We’ve fed it heavily templated content (both ourselves, and using tools on the market), we’ve segmented it, guided it, given it supporting material… everything it writes makes sense, but it’s also nonsense. “Style over substance” isn’t quite right — it’s just pretty formulaic and regurgitative.

We’ve tried looking down the other end of the telescope, asking “what would it be useful for AI to do?” Answers include: summarise longer texts (very well), and make deductions about evidence/data and add those to a piece — two things that’d really speed up our work. But again, things are still a little early.

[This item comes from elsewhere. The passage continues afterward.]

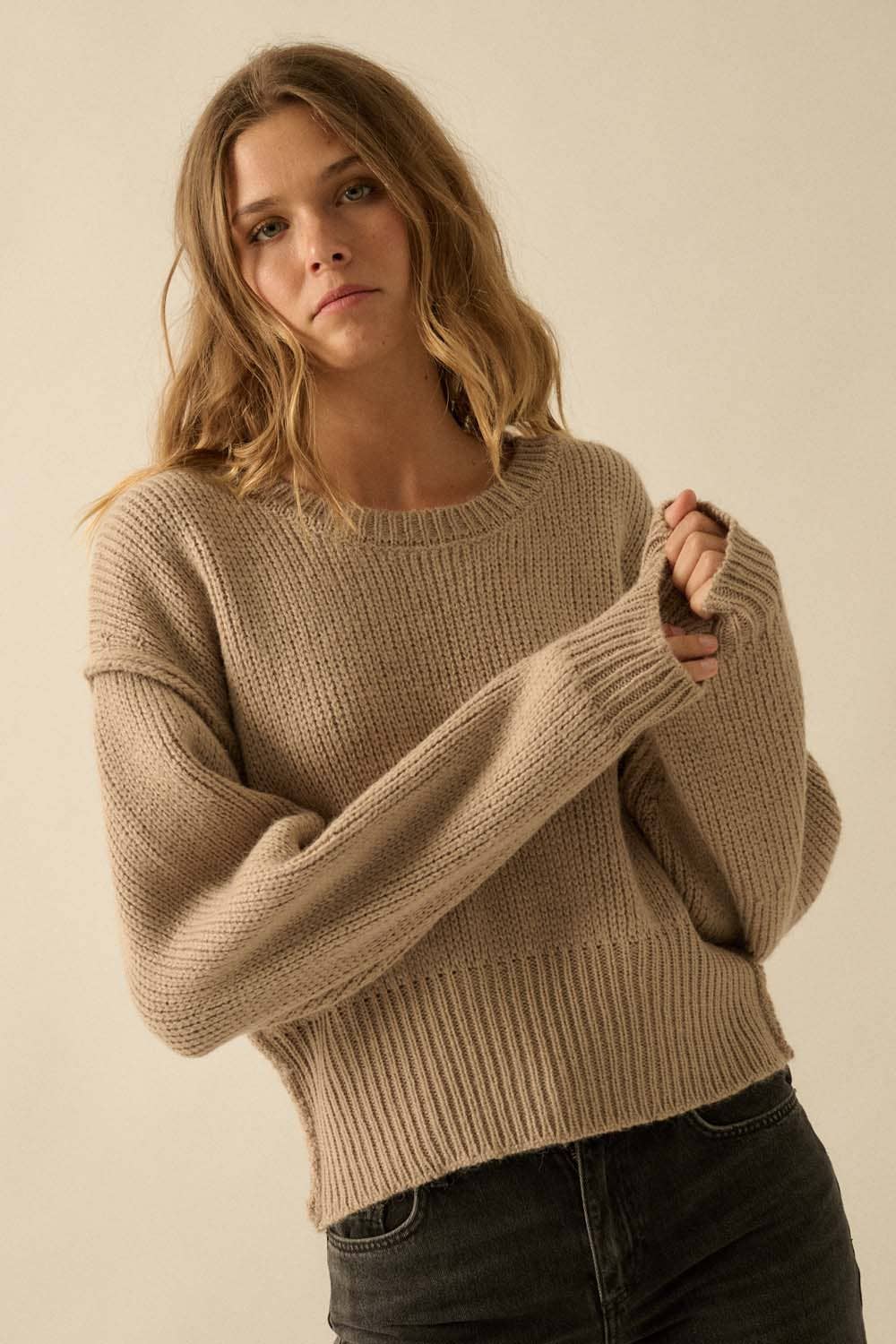 Exposed-Seam Funnel-Neck Sweater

We will keep chipping away, because when machines can write fantastic long-form content, I want HSG to be at the forefront of that. In the meantime, our offering, with an emphasis on thought leadership and opinion, keeps us in a pretty defensible position.

(If you’re building here, please do get in touch. We’d love to help guinea pig!)

Monetising individual pieces of content

This is still a hypothetical for us, but an important train of thought. Often, individual pieces of content we write have significant results: they’re used to re-email a founder who wouldn’t engage, then they do (“oh, this VC does know about usage-based pricing!”), meetings are held and a term sheet is signed. The content played an important role. We call these instances “a target audience of one”. Is there a way to monetise this?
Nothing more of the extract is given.